→ **AVAILABLE RECORDS**
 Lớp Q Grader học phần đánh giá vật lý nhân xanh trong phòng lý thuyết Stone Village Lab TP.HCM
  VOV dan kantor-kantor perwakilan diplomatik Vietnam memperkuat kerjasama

--

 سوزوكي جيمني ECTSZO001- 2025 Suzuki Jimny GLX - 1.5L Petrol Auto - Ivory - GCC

→ **BRIEF**
Only the lines from the one containing "Lớp Q Grader" through the one containing "VOV dan kantor-kantor" are to be retyped, both boundary lines included, with no other material.

→ **OUTPUT**
 Lớp Q Grader học phần đánh giá vật lý nhân xanh trong phòng lý thuyết Stone Village Lab TP.HCM
  VOV dan kantor-kantor perwakilan diplomatik Vietnam memperkuat kerjasama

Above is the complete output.